地理:ファーショア

Farshore
“恐怖の島”は長い間、雑多な伝説に彩られてきた。探検家王の時代にまで遡るその存在についての物語は、新米水夫を驚かしたり、水際の港に住む子供たちを喜ばせたりするのに使われてきた。それでもごく最近まで、この島は神秘的な幻想に過ぎなかったが、高名なる探検家ローリィ・バルバロッサの航海日誌の発見の報がもたらされた時、危険を恐れない者たちの間で、その遥かなる陸地を探し出そうという情熱が燃え上がった。
ヴォーウン海の奥深くに隠れ、北方の文明地から何千マイルも離れており、バルバロッサの航海日誌を頼りに“恐怖の島”を発見せんとした者たちは皆、それがすこぶる困難な事業である事を思い知らされ多くの船がその志半ばで遭難した。これまで、すなわち、バルバロッサの最初の乗組員の1人であった、“狂人”マドセン・アター船長がその悪名高い船、モーニングスター号で再びその南の水域へと出航するまでは。その過程で、彼は“恐怖の島”への最初の正確な海図を描きあげたのだ。
アターに同行した者にラリッサ・アイオムンディという名前の、冒険心に富んだ若い女性がおり、彼女はその極めて貴重な地図の写しを所持するほんの数人の中の1人となった。“恐怖の島”への旅程に成功してサザリン市に戻った後、ラリッサは彼女が経験した不思議な光景やエキゾチックな場所の事を忘れることができなかった。数年が過ぎ、彼女がある貴族家に嫁いだ後、彼女は夫となったヴェリク・ヴァンデルボーレンに彼女の旅について話をし、2人は乱暴な計画を立てた。彼らは島に戻るだけでなく、島に移住し、植民地を建設しようとしたのである。
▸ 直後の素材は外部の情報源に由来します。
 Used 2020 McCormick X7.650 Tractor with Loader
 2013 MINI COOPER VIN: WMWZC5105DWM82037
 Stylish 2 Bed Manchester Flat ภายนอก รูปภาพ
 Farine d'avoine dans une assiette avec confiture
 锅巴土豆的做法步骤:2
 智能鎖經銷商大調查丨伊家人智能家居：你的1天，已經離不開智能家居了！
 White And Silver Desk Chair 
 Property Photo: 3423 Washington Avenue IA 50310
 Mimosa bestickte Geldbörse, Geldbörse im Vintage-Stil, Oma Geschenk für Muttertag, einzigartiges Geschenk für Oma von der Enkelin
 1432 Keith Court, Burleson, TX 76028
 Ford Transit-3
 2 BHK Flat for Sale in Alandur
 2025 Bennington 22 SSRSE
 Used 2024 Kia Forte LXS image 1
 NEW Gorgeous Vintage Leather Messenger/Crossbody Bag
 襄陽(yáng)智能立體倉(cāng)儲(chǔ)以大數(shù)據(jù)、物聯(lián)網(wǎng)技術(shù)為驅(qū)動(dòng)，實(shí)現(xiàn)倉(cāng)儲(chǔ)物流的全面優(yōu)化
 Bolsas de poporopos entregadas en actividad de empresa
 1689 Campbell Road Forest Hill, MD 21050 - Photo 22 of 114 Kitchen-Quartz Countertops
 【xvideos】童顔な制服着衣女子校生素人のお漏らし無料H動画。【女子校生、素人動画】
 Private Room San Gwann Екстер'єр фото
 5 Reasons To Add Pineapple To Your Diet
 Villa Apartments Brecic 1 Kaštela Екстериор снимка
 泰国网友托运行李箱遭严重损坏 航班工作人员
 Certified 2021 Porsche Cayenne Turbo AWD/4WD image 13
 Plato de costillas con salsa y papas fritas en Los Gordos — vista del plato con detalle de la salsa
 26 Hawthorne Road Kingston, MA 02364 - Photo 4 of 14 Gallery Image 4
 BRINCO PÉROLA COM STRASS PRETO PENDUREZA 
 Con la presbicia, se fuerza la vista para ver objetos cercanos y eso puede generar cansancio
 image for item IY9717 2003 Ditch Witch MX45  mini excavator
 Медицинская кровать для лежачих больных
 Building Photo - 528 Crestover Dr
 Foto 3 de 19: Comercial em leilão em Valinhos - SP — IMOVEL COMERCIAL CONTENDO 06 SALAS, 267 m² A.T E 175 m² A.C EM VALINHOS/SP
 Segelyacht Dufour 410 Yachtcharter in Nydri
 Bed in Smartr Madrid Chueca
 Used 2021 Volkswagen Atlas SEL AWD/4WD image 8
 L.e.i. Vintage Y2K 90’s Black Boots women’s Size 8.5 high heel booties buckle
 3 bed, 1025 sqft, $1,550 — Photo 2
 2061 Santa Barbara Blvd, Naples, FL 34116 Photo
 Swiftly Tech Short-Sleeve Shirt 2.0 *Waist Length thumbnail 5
4年前、相当な準備を整えた後、ヴァンデルボーレン家はこの旅のために2隻の船を用意した。彼らは探検家、船乗り、そして入植者たちの乗組員を集め、マンサレイ・メラヴァンチ卿の協力を取り付けた。彼はアメディオ・ジャングル探検のベテランの1人で、放蕩癖という彼の一族の悪名を免れている数少ないメラヴァンチ家の一員である。骨の折れる航海の後、入植者たちはついに“恐怖の島”に到着した。バルバロッサの日記に記された不気味な物語に引き込まれた他の連中とは異なり、ヴァンデルボーレンの探検隊は、そこに生活する原住オーマン人たちを略奪したり搾取したりしようとはしなかった。代わりに、彼らはオーマン人たちの信頼と、不承不承ながらも尊敬を勝ち取り、少なくとも取引で彼らが取る分に相当するだけの見返りを与えたのである。多くの取引がなされた後、ヴァンデルボーレン家は7つの村の人々と協定を結んで、テムートの小島の25平方マイルの支配権を獲得し、そこに入植地を建設したのである。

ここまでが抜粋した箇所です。